For each integer $n$, call ${\rm AC}(n)$ the axiom of choice restricted to families $(A_i)$ where $A_i$ has $n$ elements.
Tarski proved the funny following fact: ${\rm AC}(2) \Rightarrow {\rm AC}(4)$—if you know how to choose between 2 elements, you can choose between 4.
The proof is in fact quite easy. Consider a family $(A_i)$ of sets with 4 elements. I will use choice functions furnished by ${\rm AC}(2)$ to pick-up one preferred element from $A_i$. For simplicity, label the elements of $A_i$ as $\{a,b,c,d\}$ and remove the index $i$. Then, consider the set $\{\{a,b\},\{a,c\},\{a,d\},\{b,c\},\{b,d\},\{c,d\}\}$ of all pairs of elements of $A_i$. The hypothesis ${\rm AC}(2)$ allows to choose, for each of those pairs, one preferred element. Call $n_a,n_b,n_c,n_d$ the number of times $a,b,c,d$ has been chosen; one thus has $n_a+n_b+n_c+n_d=6$ and consider those elements which have been chosen the most often, those for which $n_?$ is maximal.
- If there is only one, let's choose it. (This happens in repartitions like $(3,1,1,1)$, etc.)
- If there are three such elements (the repartition must be $(2,2,2,0)$), let's choose the unique one which has never been chosen.
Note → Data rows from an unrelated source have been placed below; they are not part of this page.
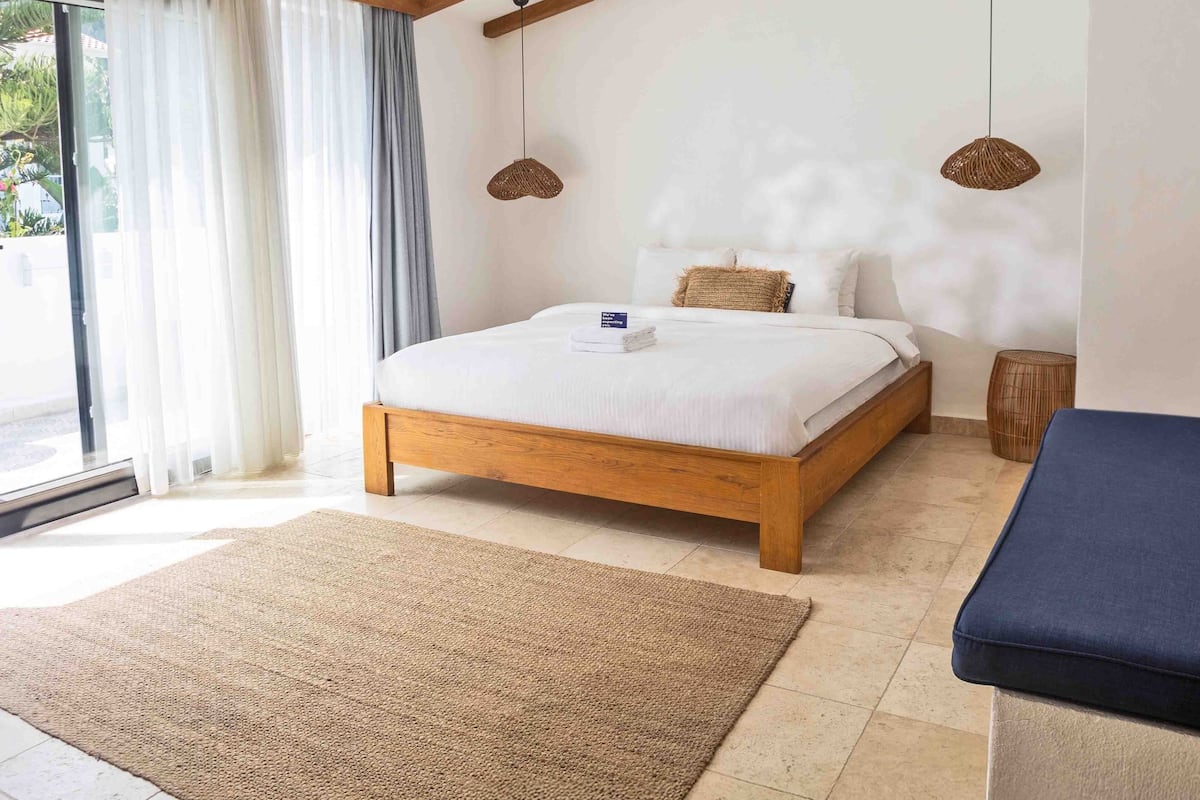 A bedroom with a wooden bed, a large window with curtains, a woven rug, and two hanging light fixtures.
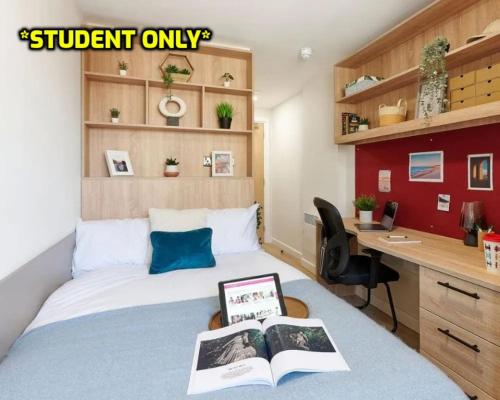 a bedroom with a bed and a desk with a book at Student Only Ensuite Rooms Zeni Bournemouth in Bournemouth
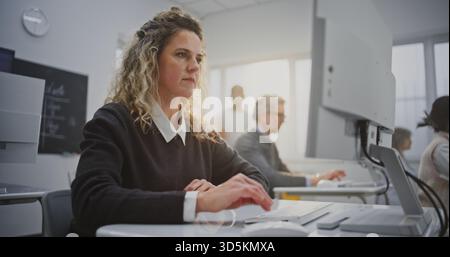Lockhaarige Frau besucht den Coding Workshop, schaut auf den Bildschirm und lächelt warm. Konzept kreatives Lernen, positive Bildungsatmosphäre, Sand Digital Empowerment im modernen Klassenzimmer. Hochformat. Stockfoto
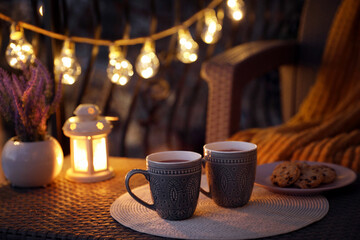 Sticker - Cups with tasty cocoa on rattan table at balcony in evening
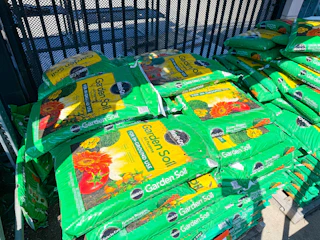 miracle gro stacked on shelf at home depot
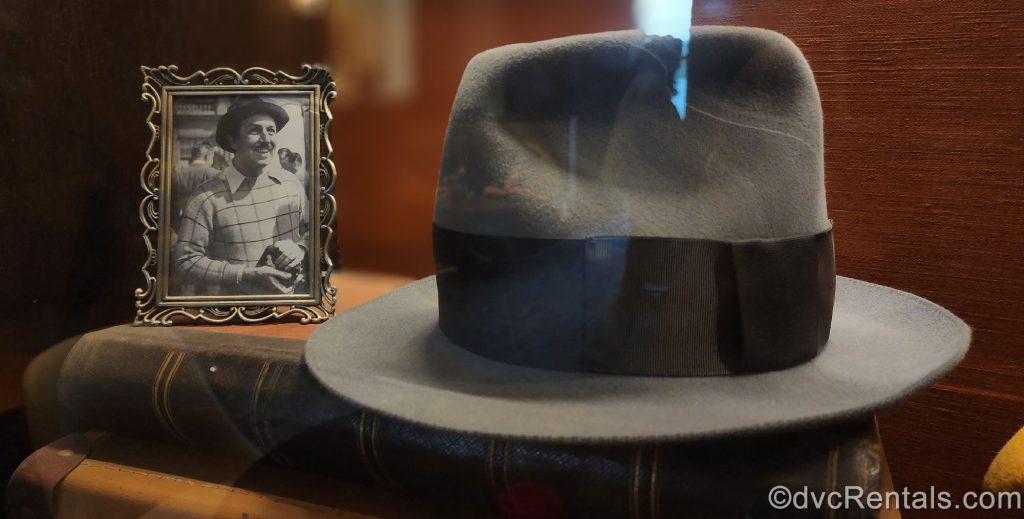 Walt's Hat on Display with a Photo of Walt sitting on a Book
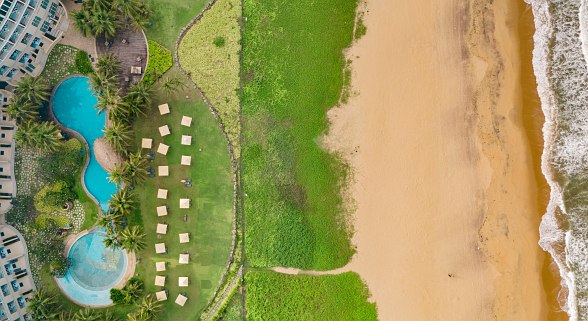 Drone shot of the Sentido Heritance Negombo hotel with pools, sun loungers on the lawn and direct access to the extensive sandy beach and sea.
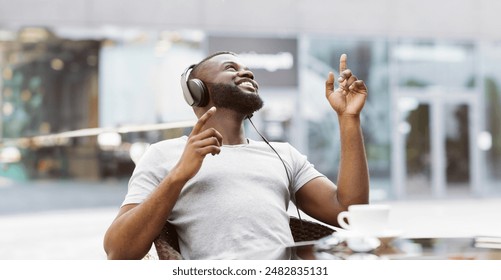 A man wearing headphones and a white t-shirt enjoys a sunny day outside by dancing to music. - Powered by Shutterstock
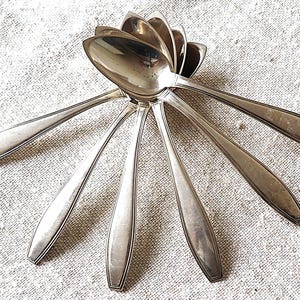 May include: A set of six silver teaspoons arranged in a fan shape on a white linen background.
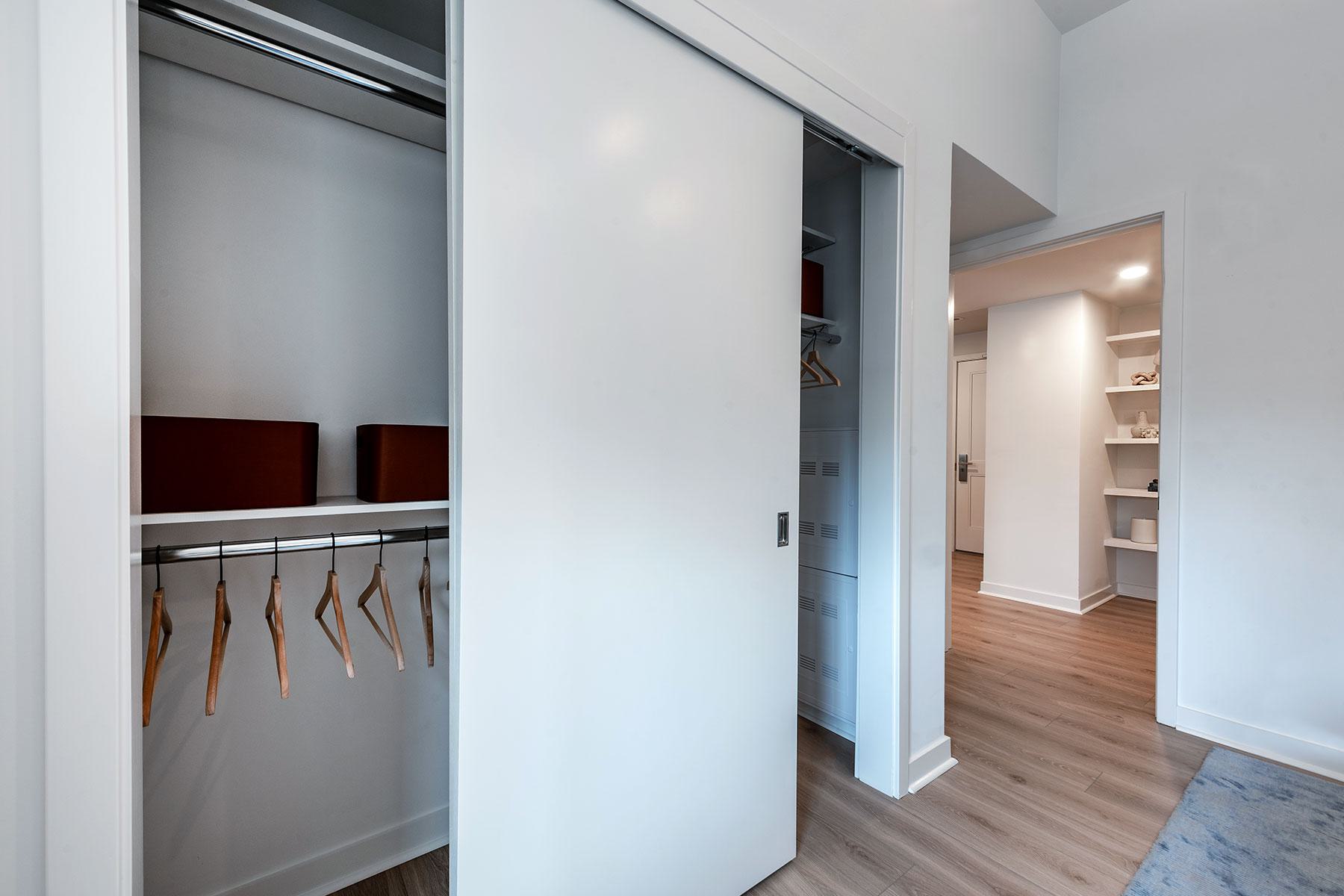 A clean, white closet with a sliding door featuring built-in hanging racks and storage shelves, looking out into an apartment hallway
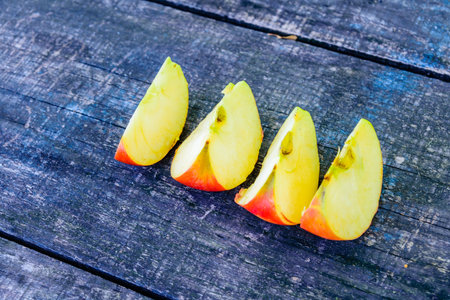 Sliced ripe apple on rustic wooden table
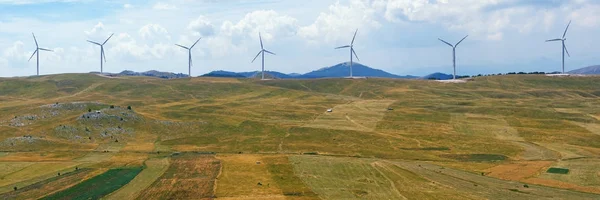 Panoramic view of yellow fields with a line of windmills. Montenegro, Niksic, Krnovo wind park — Stock Photo, Image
- There can't be four such elements because 4 does not divides 6.
- If there are two (repartition $(2,2,1,1)$), then use your 2-choice function on this pair!
The other funny, but more difficult, thing, is that ${\rm AC}(2)$ does not imply ${\rm AC}(3)$! Why? because the group $\{\pm1\}$ can act without fixed points on a 2-elements set but cannot on a 3-elements set. I hope to be able to say more on this another day.